La Luzerne to George Washington, 1 June 1781
From La Luzerne
Philada 1st June 1781.
Sir
I have received the letter which your Excellency did me the honor to write on the 23d of the past month and that of the Count de Rochambeau with which it was accompanied.
I wait with extreme impatience the news of the arrival of the French Division before New York and no one can desire more warmly than I do to see it under your immediate command. I hoped most fervently that you would have been this Spring in the command of a more considerable Body of Auxiliaries. The causes which have hindered the execution of that plan have been so urgent and so decisive that I am sure you will approve them after I shall have had the honor of making you acquainted with them.1 I have nevertheless been much pained that I could not explain to you this change of Measures, and my attachment to the Cause which you defend has made me feel as sensibly as any Citizen of America all the delays which could happen to the assistance which we wish to give to the Thirteen States.
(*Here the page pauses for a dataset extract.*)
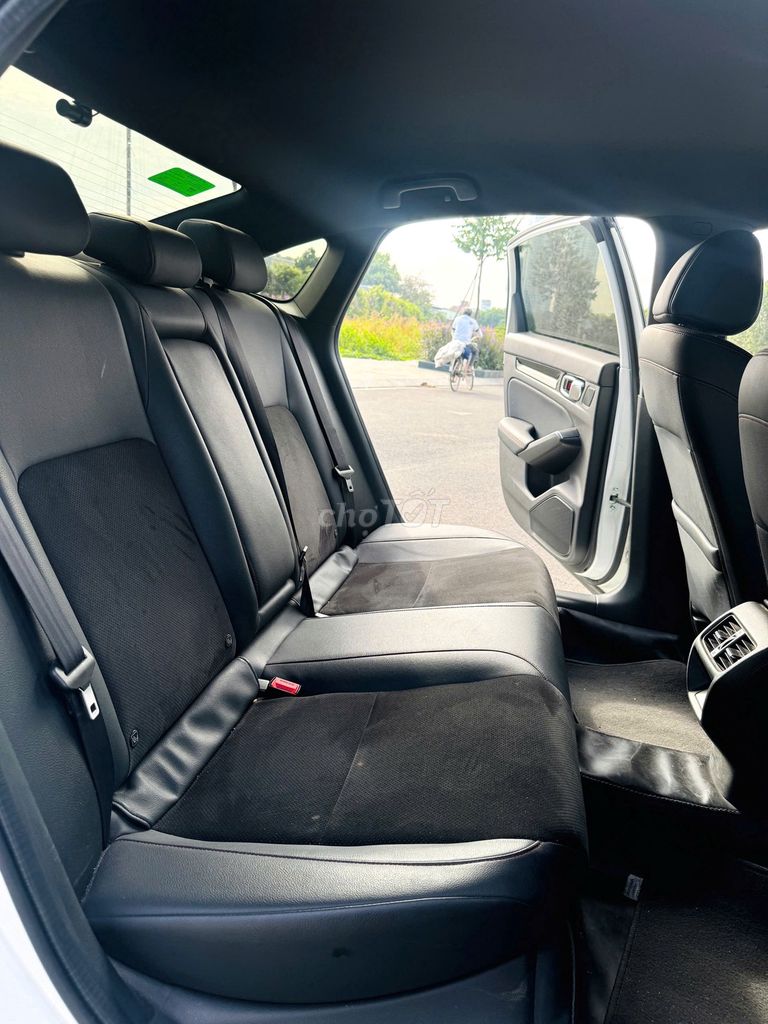 Honda Civic 2023 RS 1.5 AT - 32000 km. Mua bán Ô tô tại Thành phố Dĩ An Bình Dương được đăng bởi Siêu Thị Ô Tô Bình Dương  hình 19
I am impressed with the necessity of maintaining a perfect confidence with your Excellency upon these different points and I shall seize the first occasion which presents itself to visit your Army.2
In the mean time I am going to transmit to Monsr the Count de Grasse what your Excellency did me the honor to write to me about.3 Be persuaded that I shall use the most pressing motives to determine him, and I shall do it with so much the more Zeal as I feel the necessity of it. I shall transmit to that General an extract of your letter and nothing appears to me more likely to give weight to the demand which I shall make from him.4
The King has charged me, Sir, to inform Congress that he grants them a gratuitous subsidy to enable them to make the greatest efforts in the course of this Campaign. This subsidy amounting to six Million of Livres Tournois is to be employed in the purchase of Arms—Ammunition and Cloathing and it is the intention of the King that the surplus shall be at the disposal of Congress.5 I have not been instructed as to what will be the exact amount of this surplus, but in the mean time it is fixed at one million and an half which shall be employed by the superintendant of Finances of the thirteen States according to the direction which you shall give him, and after the arrangements which you shall make with him in the Visit which he intends making you.6
I have informed Congress and I intrust it to your Excellency that the Emperor and the Empress of Russia have offered their mediation to the Court of London, which has accepted it. It has also been equally ⟨o⟩ff⟨ere⟩d t⟨o⟩ th⟨e⟩ C⟨our⟩t of Versailles and that of Madrid. But we have given the proper answer to leave to Congress time to determine if it suits them to put the Interests of the thirteen States into the hands of the Mediators.7 In all suppositions, it is of the greatest importance that the Allies make all their Efforts to drive the enemy from this Continent, and nothing will be more likely than the success of the confederate Arms to make a successful negociation.8 I have the honor to be &.
de la Luzerne
Translation, in Tench Tilghman’s writing, DLC:GW; LS, in French, DLC:GW; LB, in French, DLC: Rochambeau Papers, vol. 14.
1. La Luzerne refers to the expected arrival from France of the second division of the French expeditionary force. The French court had decided against sending the second division (see Rochambeau to GW, 11 May, n.2).
2. La Luzerne arrived at GW’s headquarters on 6 July (see the entry for that date in , 3:390).
3. La Luzerne refers to GW’s request for additional naval aid (see GW to La Luzerne, 23 May).
4. La Luzerne’s letter for Lieutenant General de Grasse has not been identified.
5. See Rochambeau to GW, 11 May, n.2.
6. See Robert Morris to GW, 29 May (first letter); see also Morris to GW, 15 June and 2 July. Morris arrived at headquarters on 11 Aug. (see the entry for that date in , 3:408).
7. When he wrote on 9 March, French foreign minister Vergennes had informed La Luzerne about the offer of mediation from Empress Catherine II of Russia and Emperor Joseph II of Austria (see , 1:152–55). The mediation proved unsuccessful (see John Laurens to GW, 24 March, and n.2 to that document). La Luzerne sent Congress a memorial dated 26 May concerning the mediation offer (see , 20:560–62; see also Samuel Huntington to GW, 3 June, and n.2 to that document).
Catherine II (the Great; 1729–1796) became empress of Russia in 1762.